Wednesday, August 7, 2019

Three Stories and Ten Poems by Ernest Hemingway (1923)

Ernest Hemingway's first book, published in an edition of 300 copies.

Book Review: Three Stories and Ten Poems was published in 1923 by a small, modernist Parisian press for expat writers, Contact Editions, whose owner took a chance on the then-unknown future Nobel Prize laureate. Just as it says in the title, this slim volume contains three stories:

"Up in Michigan" - The story that (according to Hemingway) Gertrude Stein felt was good but unpublishable (inaccrochable was her word), and so a waste of time to write. In the story a young woman receives an unbearably brutal, illusion-destroying introduction to the world and the essential nature of men at the hands of man with whom she's infatuated, despite her essential decency and innocence. It was not included in Hemingway's first story collection, In Our Time (1925), as the publisher was afraid of the obscenity laws. It wasn't published again until 1938 in the collection The Fifth Column and the First Forty-Nine Stories.

"Out of Season" - Some consider this the "story that marks the true beginning of his mature style."
Here, a weak man, a fish out of water, allows himself to be manipulated and exploited by an illiterate drunk. Recognized as the first example of Hemingway's "iceberg theory," that what is not in the story can be understood through context. To that end he excised the original ending. The story was later included in his first story collection, In Our Time.

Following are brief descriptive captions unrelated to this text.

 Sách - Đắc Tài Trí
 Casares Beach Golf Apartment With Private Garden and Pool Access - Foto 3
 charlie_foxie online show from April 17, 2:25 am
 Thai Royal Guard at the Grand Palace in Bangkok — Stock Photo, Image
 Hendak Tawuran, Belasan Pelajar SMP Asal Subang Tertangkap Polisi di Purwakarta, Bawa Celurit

"My Old Man" - This one was selected for the 1923 edition of The Best Short Stories (later The Best American Short Stories, which is still published) series. A boy makes the painful discovery that his father is simply a man, with a life of his own marked by the imperfections, flaws, and weaknesses that are humanity. The piece was included in the collection, In Our Time.

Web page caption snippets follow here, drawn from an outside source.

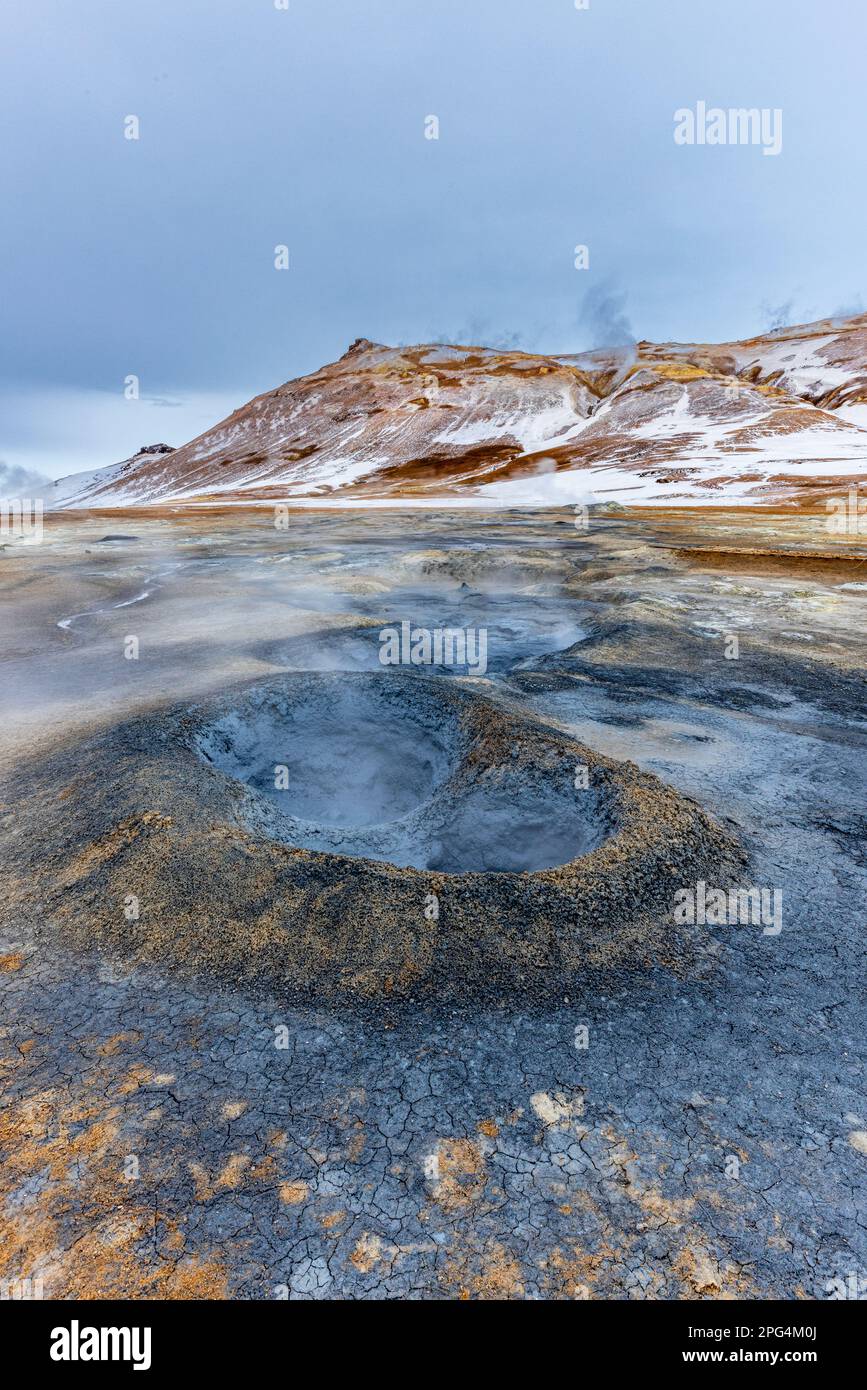 Geothermisches Gebiet Hverir am Fuße des Namafjall-Berges, Island Stockfoto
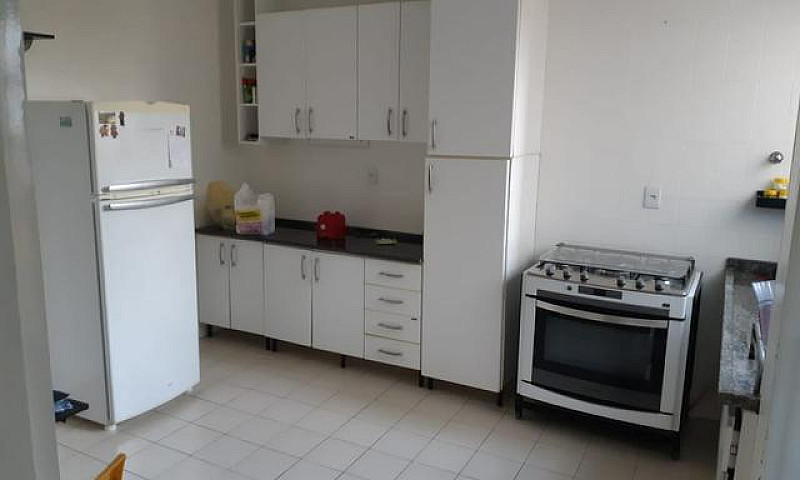 Aluga Se Apartamento...
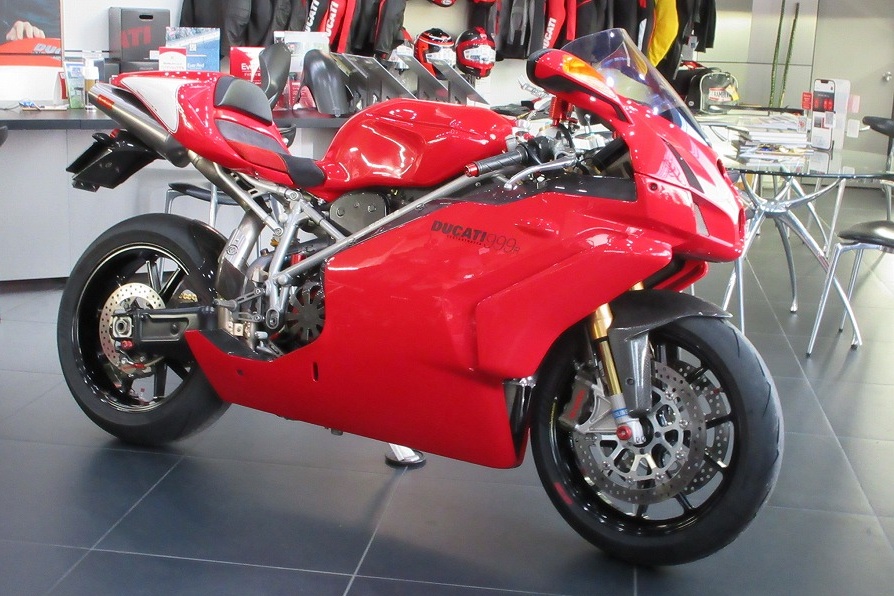 999Rの中古車です！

One of the elements that we don't realize about these stories is how revolutionary their style was at the time. The simple, stripped down writing was still uncommon, and so was quite striking to readers even apart from all other aspects. Hemingway left out extraneous words, and even extraneous plot, believing excised portions could be discerned through the rest of the story. For modern readers, familiar with contempoary approaches, however, the writing style can seem and sound too simple, too "see Jane run."

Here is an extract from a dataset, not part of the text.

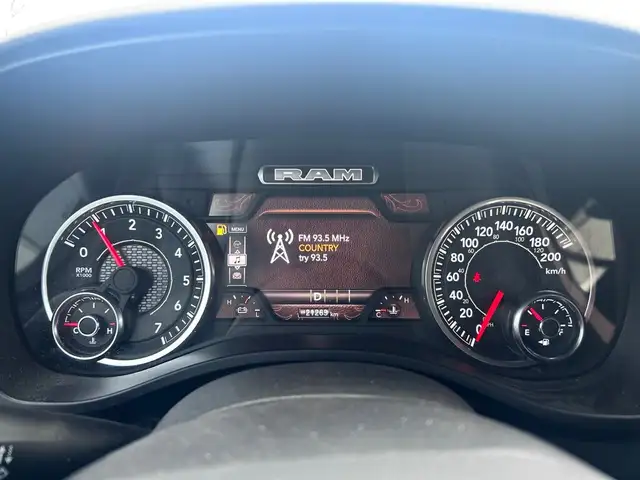 2025 Ram 1500 BIG HORN NIGHT CREW | BIG TIRES | SPRAY IN BED | - Photo 11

Three Stories and Ten Poems also includes the titular poems, in which Hemingway tried to push the limits, to make them revolutionary, or at least conspicuous in a sort of bluntly realistic style. I find it interesting that like Bukowski, Hemingway's early start was as a poet as much as a writer of fiction, seemingly incompatible with his stereotypical image as a macho man's man. The poems are worth discussing. Six of the ten poems were originally published in the important Chicago modernist magazine Poetry (which in 1915 first published the then impenetrable "The Love Song of J. Alfred Prufrock," and is still publishing today) in January 1923. Gertrude Stein noted that she liked the poems more than his contemporaneous fiction. Despite these commendations, Hemingway's poetry is not the basis of the reputation that led to the Nobel Prize. The poems have an always-traditionally-masculine edge, mostly straightforward without too much embellishment, using words rarely used in English-language poetry at the time (gonorrhea, whore, stomach-pump), just as "Up in Michigan" addressed a subject more directly than was usually done. Published in 1923, some of these are war poems, reminiscent (though not as well done) of the British poets of the First World War. The ten poems with my simple notes are:

"Mitraigliatrice" - There's some confusion about how to spell the title of this poem -- apparently wrong in the book but correct when it was published in Poetry. Here Hemingway compares his Corona typewriter (sent to him for his birthday by his wife, Hadley) to a machine gun. Wishful thinking, perhaps. The metaphor no doubt became more common after the invention of the electric typewriter.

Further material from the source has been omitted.